JOHANNESBURG - One miner remains missing on Tuesday afternoon at a Sibanye-Stillwater mine on Gauteng’s West Rand.
Rescuers on Tuesday found a fourth body at Sibanye-Stillwater's Kloof mine, southwest of Johannesburg.
Three miners were confirmed dead on Monday after a group of five entered an abandoned shaft at the Westonaria mine.
Sibanye-Stillwater suspended operations there on Tuesday in order to observe a day of mourning.
The Kloof mine is a shallow to ultra-deep gold mine consisting of five producing shaft complexes that mine open hound and pillars.
The deepest operating level is some 3.3 kilometres underground.
There have been over 15 deaths recorded at Sibanye-Stillwater mines since the start of 2018.
Some Sibanye-Stillwater workers are accusing the company's management of forcing them to work under dangerous conditions.
According to one worker: "The management of the mine is killing us. We're threatened with losing our jobs if we refuse to work under [these] conditions."
Another miner said: "Before I go underground, I always wonder if I'll come back alive."

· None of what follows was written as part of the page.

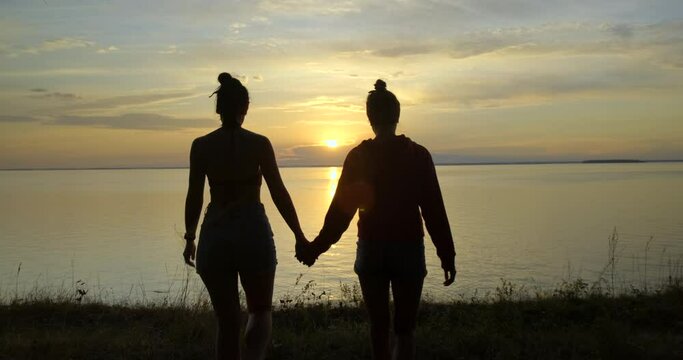 Girls Hold Hands Strongly. Go to Seashore. Amazing View. Setting Sun. Silhouettes of Lovers. Sun Rays. Evening. Summer. Love on Vacation. Found each other. Romance. Magic Moment. Happiness. LGBT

Sibanye-Stillwater authorities have denied claims that they force their employees to work under dangerous conditions.
According to Thabisili Phumo of Sibanye Stillwater: "It would be a contravention of the law, it would be a contravention of our policy, and therefore as an operation, we would not condone in any day a situation where our miners are forced to go and work underground."
The Parliamentary committee on mineral resources had strong words for the Department of Mineral Resources following the death of the four mineworkers.
Sahlulele Luzipo, committee chair, says mine bosses and shareholders cannot continue to enjoy the financial benefits while miners are dying.